The Museum of Final Journeys_ A Novella - Anita Desai [12]
Perhaps this had been the restless young man's source of inspiration. As for me, all desire I had ever felt for adventure had been drained away by seeing these traces that he had left of his, this gloomy storehouse of abandoned, disused, decaying objects. Their sad obsolescence cast a spell on me and I wanted only to break free and flee.
But my guide had one more thing he wanted to show me. Pointing at a long, shallow box that stood open along one wall, he said, 'This was the final box we received. It was empty and Srimati Sarita Devi knew it was the last. She said to me, "There will not be another."'
'And there wasn't?' I asked, wondering if I was meant to take this as some miraculous revelation of a mother's bond to her child or if it would lead to another tale.
'No, no more boxes.'
'And did he himself not return?'
He shook his head and, as if to avoid a show of emotion, turned aside and pushed open the last heavy door.
And suddenly we found ourselves expelled from the darkness and gloom and outside on the wide stairs open to the white blaze of day. I tried to adjust my eyes to the harsh contrast and to think of something to say, but my mouth was dry and stale, in need of a drink of water. I turned to my host to take my leave and was startled to find he did not at all intend to let me go. Instead, he was hurrying down the stairs to the dusty, uninviting field below, no longer the meek, obsequious clerk who had come to petition me at the circuit house, nor the proud curator of what he clearly deemed a valuable piece of property, but a small, determined man doggedly performing his duties to the last.

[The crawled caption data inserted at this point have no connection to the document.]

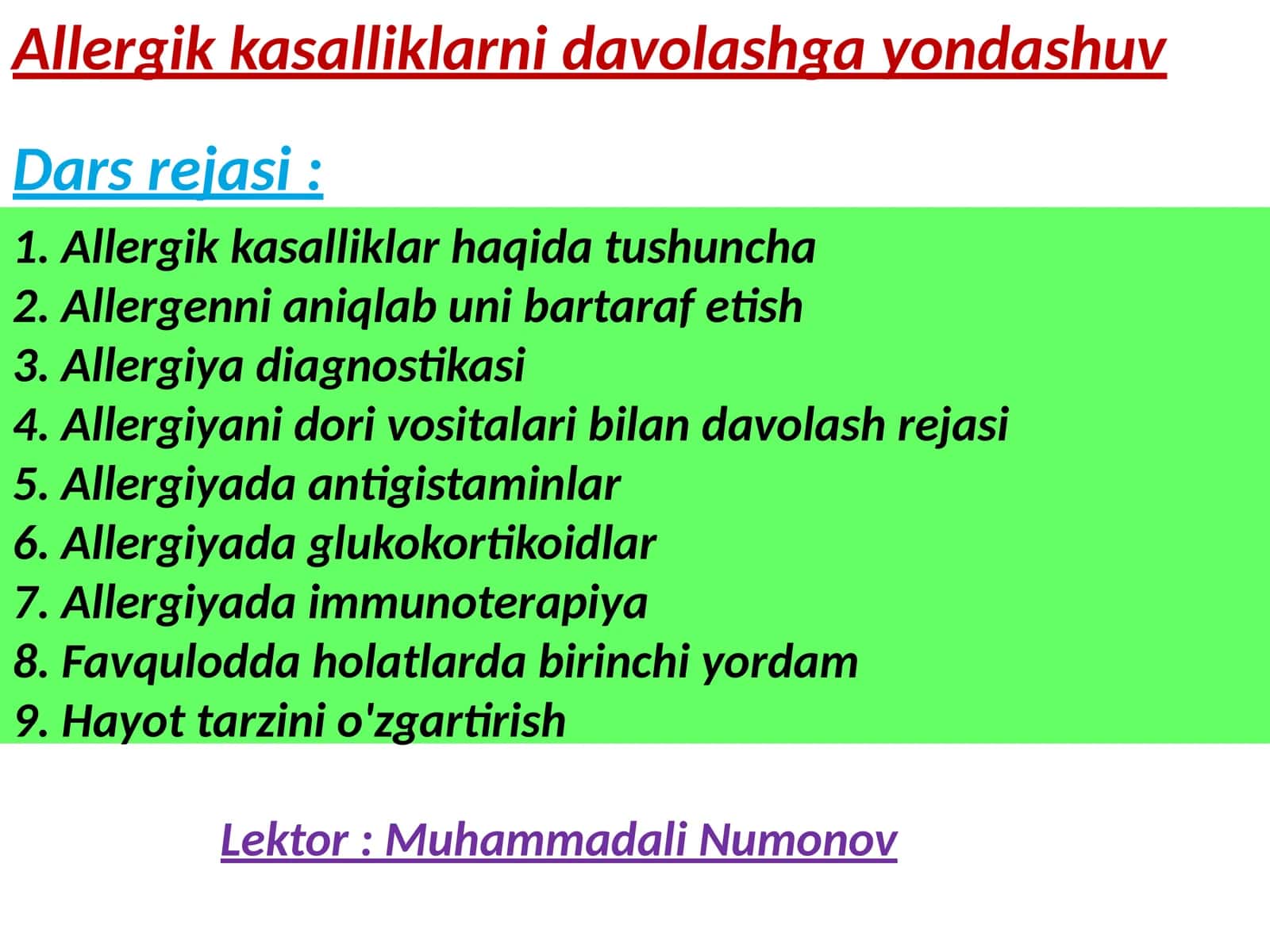 Allergik kasalliklarni davolash 1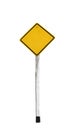 A yellow empty guidepost
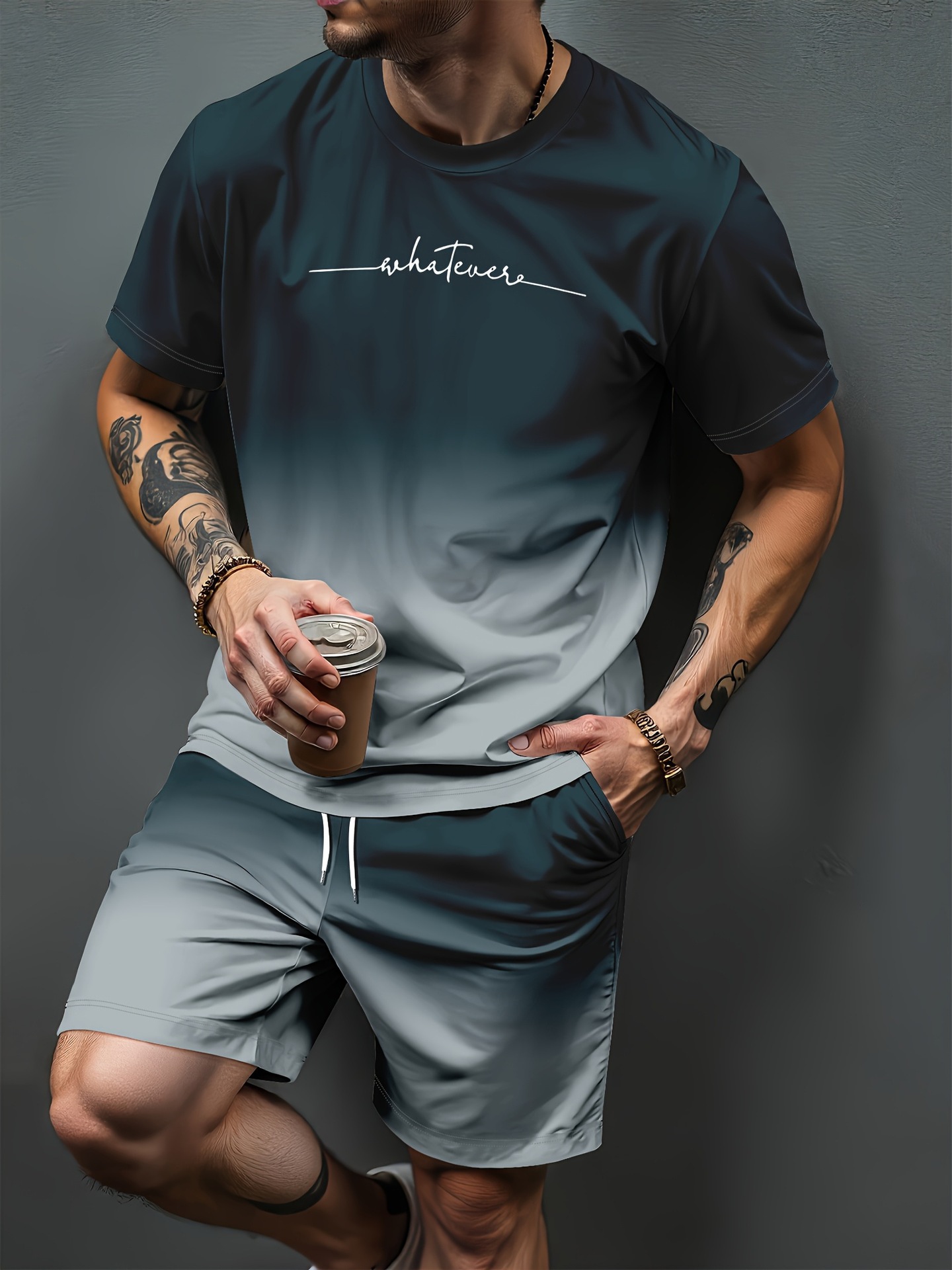 Pola Huruf Gradien Cetak 3D Se - Women And Men Fashion ulasan dan harga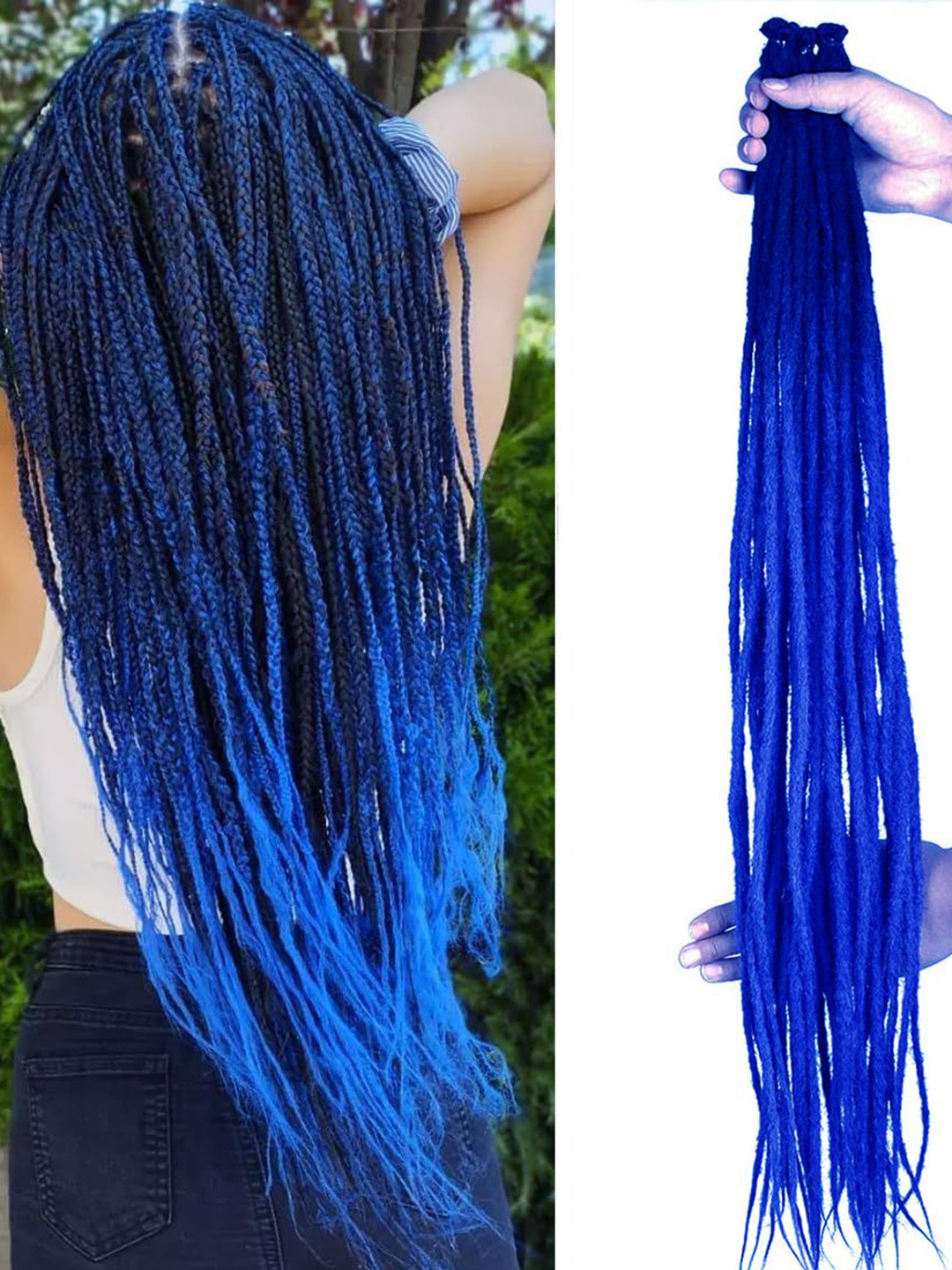 RITZKART Clip In Straight Locks Hair Extension- Black & Navy Blue Mix- 36 Inch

'Where are we going now?' I protested, unwillingly following him to the foot of the stairs.
He turned back, suddenly snapped open an umbrella—a large black dome lifted on its rusty spokes—that he must have picked out of the unlucky elephant's foot without my noticing and said, 'This way, please, this way. I have one last gift to show you,' and holding the clumsy object over my head to provide me with shade, proceeded to cross the field. We came to what was evidently the end of the extensive compound where there was a brick wall—or the remains of one—rising above the top of which I could see a stand of susurrating bamboo bleached by the sun.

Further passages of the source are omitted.